Precision = 0.9624413145539906 
Recall = 0.9669811320754716 
f1 = 0.9647058823529412


In [21]:
_, precision_optunatest, recall_optunatest, f1_optunatest = evaluate_test(xgb_optuna)
print("Precision = {} \nRecall = {} \nf1 = {}".format(precision_optunatest, recall_optunatest, f1_optunatest))

Precision = 0.8736842105263158 
Recall = 0.9651162790697675 
f1 = 0.9171270718232045


# **7. Conclusion**

In [22]:
model_values = ['xgboost_grid', grid_time, precision_gridtrain, precision_gridtest, recall_gridtrain, recall_gridtest, f1_gridtrain, f1_gridtest]
columns = ['models', 'Time Elapsed (s)', 'model_precision_train', 'model_precision_test', 'model_recall_train', 'model_recall_test', 'model_f1_train', 'model_f1_test']
grid_results = pd.DataFrame([model_values], columns = columns)

In [23]:
model_values = ['xgboost_random', random_time, precision_randtrain, precision_randtest, recall_randtrain, recall_randtest, f1_randtrain, f1_randtest]
columns = ['models', 'Time Elapsed (s)', 'model_precision_train', 'model_precision_test', 'model_recall_train', 'model_recall_test', 'model_f1_train', 'model_f1_test']
random_results = pd.DataFrame([model_values], columns = columns)

In [24]:
model_values = ['xgboost_optuna', optuna_time, precision_optunatrain, precision_optunatest, recall_optunatrain, recall_optunatest, f1_optunatrain, f1_optunatest]
columns = ['models', 'Time Elapsed (s)', 'model_precision_train', 'model_precision_test', 'model_recall_train', 'model_recall_test', 'model_f1_train', 'model_f1_test']
optuna_results = pd.DataFrame([model_values], columns = columns)

In [25]:
#stack table 
final_results = grid_results.append(random_results).append(optuna_results)
final_results.index = ['Grid Search', 'Randomized Search', 'Optuna']
final_results.sort_values('model_f1_test', ascending = False)

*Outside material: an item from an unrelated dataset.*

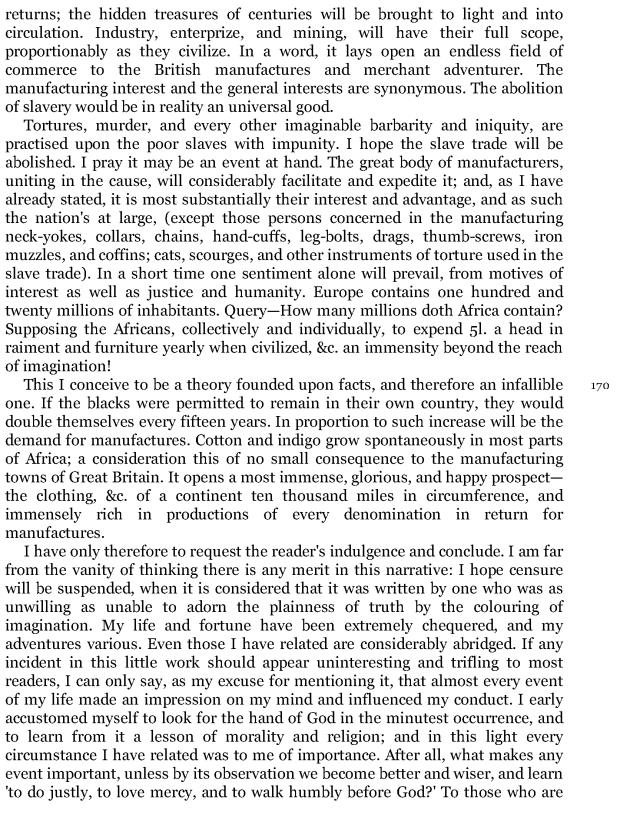 Compact Anthology of World Literature II: Volumes 4, 5, and 6 - Page mcdxlvi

Unnamed: 0,models,Time Elapsed (s),model_precision_train,model_precision_test,model_recall_train,model_recall_test,model_f1_train,model_f1_test
Grid Search,xgboost_grid,14.147263,0.971698,0.882979,0.971698,0.965116,0.971698,0.922222
Optuna,xgboost_optuna,12.232657,0.962441,0.873684,0.966981,0.965116,0.964706,0.917127
Randomized Search,xgboost_random,0.582441,0.961905,0.880435,0.95283,0.94186,0.957346,0.910112


In terms of performance, when evaluating based on the F1-score, it became evident that XGBoost, with both grid search and Optuna, demonstrated the most outstanding performance. However, when we take into account not only model performance but also runtime efficiency, Optuna emerged as the top-performing method.

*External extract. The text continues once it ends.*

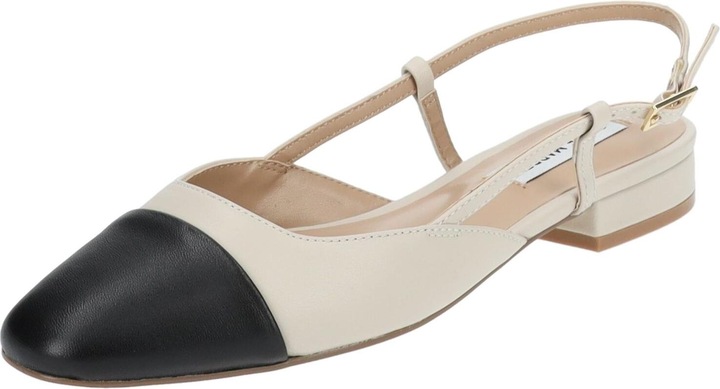 Produktbild Steve Madden Ballerinas (38)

Nevertheless, if there's a willingness to make a slight compromise on model performance and prioritize runtime efficiency, XGBoost with randomized search outperformed both grid search and Optuna.

To sum it up, the choice of hyperparameter tuning method is heavily contingent on the specific context. For instance, in a production environment where time and resources are at a premium, grid search may prove too resource-intensive due to its exhaustive exploration of hyperparameter combinations.